> [What is needed]:
Wherever the word "Girls" appears in the entries, copy the whole line.

Items listed in a dataset
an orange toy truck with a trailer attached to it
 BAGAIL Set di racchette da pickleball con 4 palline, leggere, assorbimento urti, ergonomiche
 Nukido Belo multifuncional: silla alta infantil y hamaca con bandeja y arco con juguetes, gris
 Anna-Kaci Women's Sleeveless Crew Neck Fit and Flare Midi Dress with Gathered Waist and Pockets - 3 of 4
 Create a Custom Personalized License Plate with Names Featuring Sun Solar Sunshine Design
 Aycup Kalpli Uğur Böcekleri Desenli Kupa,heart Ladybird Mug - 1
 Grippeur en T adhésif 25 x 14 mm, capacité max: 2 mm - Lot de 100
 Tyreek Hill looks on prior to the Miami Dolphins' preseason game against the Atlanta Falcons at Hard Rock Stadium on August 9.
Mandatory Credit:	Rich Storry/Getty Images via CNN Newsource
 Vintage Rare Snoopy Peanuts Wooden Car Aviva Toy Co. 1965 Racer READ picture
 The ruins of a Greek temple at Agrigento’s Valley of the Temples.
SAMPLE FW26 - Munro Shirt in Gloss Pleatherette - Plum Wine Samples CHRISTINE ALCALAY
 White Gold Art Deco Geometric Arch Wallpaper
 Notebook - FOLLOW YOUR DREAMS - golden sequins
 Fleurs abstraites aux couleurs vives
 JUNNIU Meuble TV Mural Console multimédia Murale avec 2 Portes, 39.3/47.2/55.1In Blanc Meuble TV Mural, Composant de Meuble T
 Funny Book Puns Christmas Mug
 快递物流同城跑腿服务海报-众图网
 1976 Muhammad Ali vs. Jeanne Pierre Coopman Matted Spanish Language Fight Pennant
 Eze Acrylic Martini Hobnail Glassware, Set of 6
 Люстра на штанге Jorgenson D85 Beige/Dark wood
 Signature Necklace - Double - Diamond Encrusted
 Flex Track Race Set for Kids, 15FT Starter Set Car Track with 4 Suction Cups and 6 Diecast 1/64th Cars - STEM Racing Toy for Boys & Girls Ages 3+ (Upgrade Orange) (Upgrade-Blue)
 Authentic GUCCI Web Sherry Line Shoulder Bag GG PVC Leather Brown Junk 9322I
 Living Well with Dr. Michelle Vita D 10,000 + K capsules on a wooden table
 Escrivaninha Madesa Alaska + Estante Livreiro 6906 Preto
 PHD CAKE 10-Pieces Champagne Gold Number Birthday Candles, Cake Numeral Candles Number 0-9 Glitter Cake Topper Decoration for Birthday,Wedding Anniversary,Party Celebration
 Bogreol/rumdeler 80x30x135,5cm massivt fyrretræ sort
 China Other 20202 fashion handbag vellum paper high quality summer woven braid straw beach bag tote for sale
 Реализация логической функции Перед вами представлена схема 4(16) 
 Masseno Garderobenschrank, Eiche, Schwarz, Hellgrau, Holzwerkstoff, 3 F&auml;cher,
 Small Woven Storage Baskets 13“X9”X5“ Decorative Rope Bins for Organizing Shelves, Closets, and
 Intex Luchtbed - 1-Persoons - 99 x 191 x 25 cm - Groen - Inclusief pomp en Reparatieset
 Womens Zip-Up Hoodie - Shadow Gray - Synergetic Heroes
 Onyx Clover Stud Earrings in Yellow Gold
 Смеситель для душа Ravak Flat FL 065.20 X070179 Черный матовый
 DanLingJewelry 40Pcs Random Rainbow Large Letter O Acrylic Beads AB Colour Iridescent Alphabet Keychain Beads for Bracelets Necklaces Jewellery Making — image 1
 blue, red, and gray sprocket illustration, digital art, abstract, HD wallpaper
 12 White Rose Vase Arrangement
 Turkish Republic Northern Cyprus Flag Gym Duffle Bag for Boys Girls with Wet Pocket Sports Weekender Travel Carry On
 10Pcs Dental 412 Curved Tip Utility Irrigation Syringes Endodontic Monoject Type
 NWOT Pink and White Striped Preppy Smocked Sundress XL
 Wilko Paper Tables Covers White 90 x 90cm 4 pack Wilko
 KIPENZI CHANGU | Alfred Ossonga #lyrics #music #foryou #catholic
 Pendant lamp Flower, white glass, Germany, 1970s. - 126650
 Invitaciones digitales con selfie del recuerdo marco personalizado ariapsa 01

> [Result for this exercise]:
 Flex Track Race Set for Kids, 15FT Starter Set Car Track with 4 Suction Cups and 6 Diecast 1/64th Cars - STEM Racing Toy for Boys & Girls Ages 3+ (Upgrade Orange) (Upgrade-Blue)
 Turkish Republic Northern Cyprus Flag Gym Duffle Bag for Boys Girls with Wet Pocket Sports Weekender Travel Carry On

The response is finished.